2) Transition distribution services agreement. Provides that 3M and its affiliates will retain inventories of and purchase certain Solventum products from Solventum and its subsidiaries and distribute those products to Solventum’s customers. The transition distribution services agreement has an overall term of two years, with shorter terms for individual countries.
3) Transition contract manufacturing agreement. Solventum and 3M will manufacture certain products of the other party at specified manufacturing sites and will supply such products to the other party, in each case on a transitional basis to allow for the orderly exit of production at the supplier site and relocation. The transition contract manufacturing agreement has an overall term of three years, with the terms of individual services ranging from eighteen to thirty-six months.
For the three and nine months ended September 30, 2024, Solventum recognized operating expense of $144 million and $231 million, respectively, related to services received under the above transition agreements between the Company and 3M and its affiliates.
Tax Matters Agreement - The agreement governs the parties’ respective rights, responsibilities and obligations with respect to taxes (including responsibility for taxes, entitlement to refunds, allocation of tax attributes, preparation of tax returns, control of tax contests and other tax matters). In addition, the tax matters agreement imposes certain restrictions on Solventum and its subsidiaries (including restrictions on share issuances, business combinations, sales of assets and similar transactions) that are designed to preserve the tax-free status of the distribution and certain related transactions.
Employee Matters Agreement - The agreement allocates liabilities and responsibilities relating to employment matters, employee compensation and benefits plans and programs, and other related matters. The employee matters agreement provides that, unless otherwise specified, each party will be responsible for liabilities associated with current and former employees of such party and its subsidiaries. For the U.S. qualified and non-qualified defined benefit pension plans, Solventum established plans that mirror the corresponding 3M plans and assumed all obligations under 3M’s plans for the accrued benefits of current and former Solventum employees.
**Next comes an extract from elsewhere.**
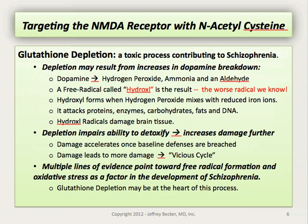Glutathione depletion also impairs the ability to detoxify from other toxins, and this detoxification process increases damage further in a sort of vicious cycle. As damage accelerates, baseline defenses can be breached, and once these defenses are breached, damage leads to more damage — again, in a vicious cycle mode that's difficult to stop. Multiple lines of evidence also point towards free radical formation and oxidative stress as a factor in schizophrenia. It's known that glutathione is often depleted in this disorder, but also that other antioxidants, both endogenous and exogenous antioxidants taken in through nutrition, are often depleted.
The employee matters agreement also governs the terms of equity-based awards granted by 3M prior to separation.
Real Estate License Agreements - Solventum or one of its affiliates, as licensee, has entered into certain real estate license agreements with 3M or one of its affiliates, as licensor, pursuant to which Solventum will be able to continue to use certain premises owned or leased by 3M for a limited period of time following the distribution date. Pursuant to the real estate license agreements, 3M will provide customary building services to the licensee consistent with the property’s use prior to the separation, including, without limitation, basic utilities, janitorial and trash removal services, maintenance services and employee amenities. The terms of the real estate license agreements are generally two years or less.
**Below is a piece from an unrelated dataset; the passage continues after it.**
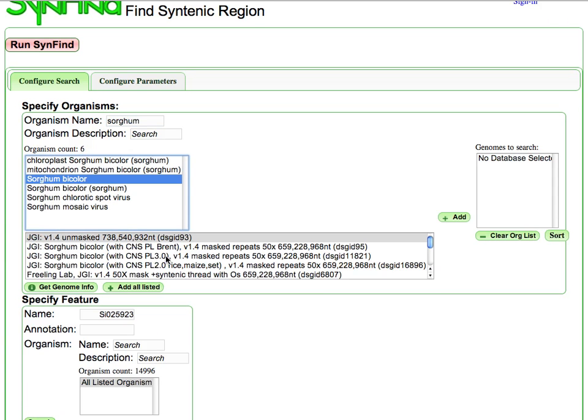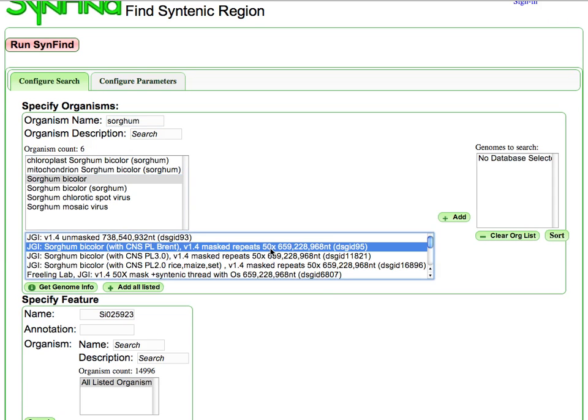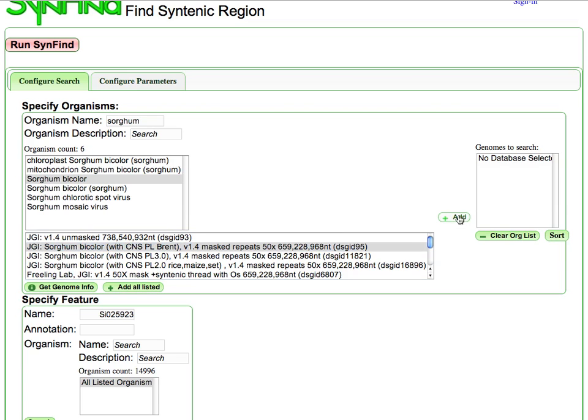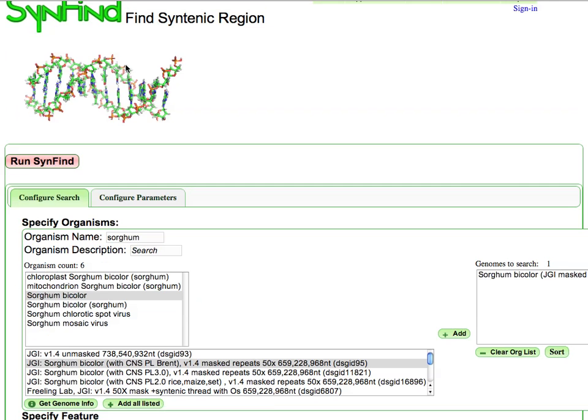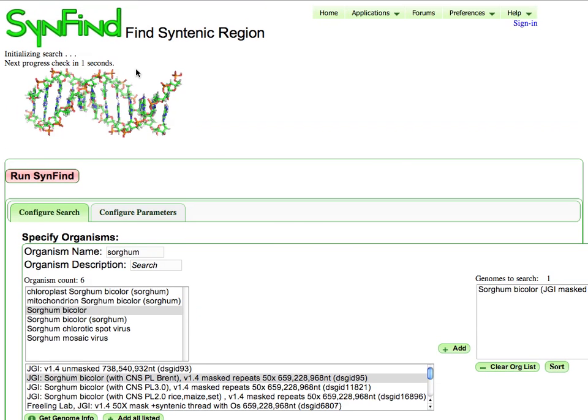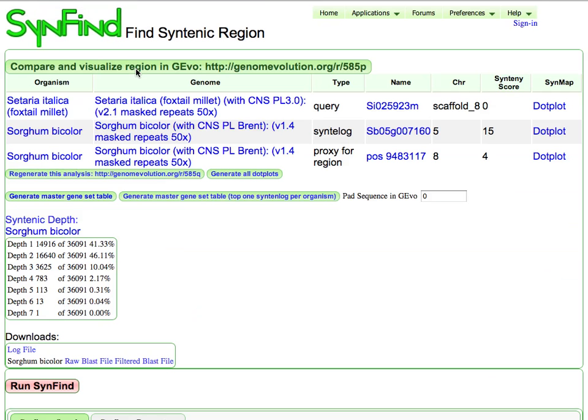And here, if I wanted to, I can continue to add in many more genomes on this front. And what I can do now is once I have this search set up is I just go ahead and hit run.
Master Supply Agreements - 3M and Solventum entered into master supply agreements in connection with the separation under which each agrees to supply the other with certain products. The term of the master supply agreements will initially be three years, which will extend automatically, with the length of the term extension subject to the parties' ability to identify a third-party supplier, and the ability for such third-party supplier to provide validated production samples. The Company recognized revenue and cost of sales associated with products sold to 3M of $17 million and $12 million, respectively, for the three months ended September 30, 2024. The Company recognized
revenue and cost of sales associated with products sold to 3M of $27 million and $20 million, respectively, for the nine months ended September 30, 2024. Cost of sales related to purchases from 3M under the master supply agreements was $68 million for the three and nine months ended September 30, 2024.
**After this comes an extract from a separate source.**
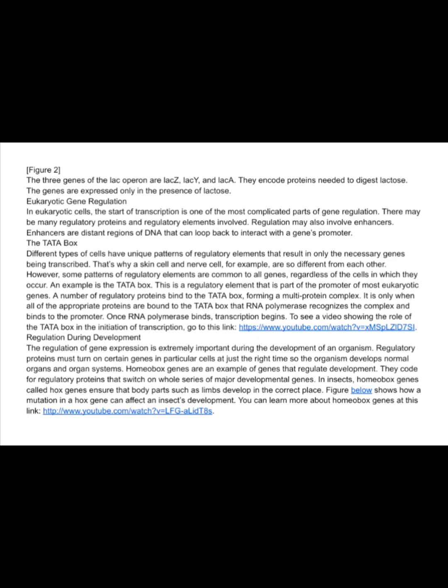The regulation of gene expression is extremely important during the development of an organism. Regulatory proteins must turn on certain genes in particular cells at just the right time so the organism develops normal organs and organ systems. Homeobox genes are an example of genes that regulate development. They code for regulatory proteins that switch on whole series of major developmental genes. In insects, homeobox genes called Hox genes ensure that body parts such as limbs develop in the correct place. A mutation in a Hox gene can affect an insect's development.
Related Party Transactions
The Company had the following transactions with 3M and its affiliates, primarily in connection with the Transition Services Agreement, Transition Distribution Services Agreement, Transition Contract Manufacturing Agreements and Master Supply Agreements, reported on the Company’s condensed consolidated and combined financial statements:
Three months ended September 30,Nine months ended September 30,
(Amounts in millions)2024202320242023
Net sales of product$17 $— $27 $— 
Cost of product171 — 201 — 
Selling, general and administrative expenses63 — 135 — 
Research and development expenses
— — 
Current amounts due from and due to 3M under various agreements described above are recognized within the “Due from related parties” and “Due to related parties”, as applicable, in the condensed consolidated and combined financial statements. Non-current amounts due to 3M in connection with the transition distribution services agreement were approximately $72 million at September 30, 2024 and were recognized in “Other liabilities” in the consolidated balance sheet.
Net Parent Investment
Net transfers to 3M are included within Net parent investment in the condensed consolidated and combined statements of changes in equity and within financing activities in the condensed consolidated and combined statements of cash flows and represent the net effect of transactions between the Company and 3M.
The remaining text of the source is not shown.